There is a TON of information at this link, especially the first 3 posts but also be sure to read the entire first and second pages:
http://www.jeepforum.com/forum/f96/mygig-database-thread-960968/

You can DIY if you can download compressed files, extract and burn to disc. Read that link carefully about disc requirements. The USB port does NOT work for updating software. Alternatively, you could post to that thread what unit you have (3-letter code 58kafer mentioned above) and you might find someone willing to send you their discs, as the discs are of no further use after a successful update. And beware that doing it wrong can lead to bricking the head unit and they ain't cheap to replace. Some of the s/w application updates require multi-step updates before you can get to the current update. (i.e., going straight to the current update from a very old version can also brick the head unit.)


----------



## gavakie (May 7, 2015)

*rer*

It says RER


----------



## JETwagen (Mar 1, 2002)

I was able to update my radio firmware for free from a download, however, I don't think that site is running anymore. As for the maps, FWIK it's $200 for every update and maps get updated like 4 times a year, so I took my $200 and bought a Garmin with lifetime map updates.:wave:


----------



## CDJackson (Feb 28, 2013)

If you bought the vehicle from a dealer you could try to get them to provide you with updated maps free of charge. That's what I did for our 2012 Routan.
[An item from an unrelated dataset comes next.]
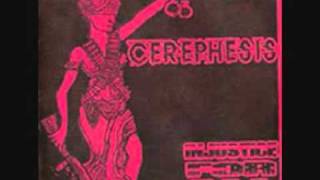 Cerephesis - Forever Drunk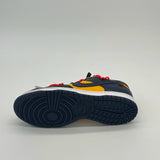 Nike Dunk Low Off-White Michigan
It was a certified pre-owned model that was only six months old when we bought it, but the maps were more than two years out-of-date. I complained to the dealer that the mapping software should have at least been current to when the car was new. It took a considerable amount of effort, but they finally agreed to send me the $199 navigation update CD at no charge. There's not really any way to update the maps otherwise. The head unit software you can download online just updates the operating software, not the maps database.


----------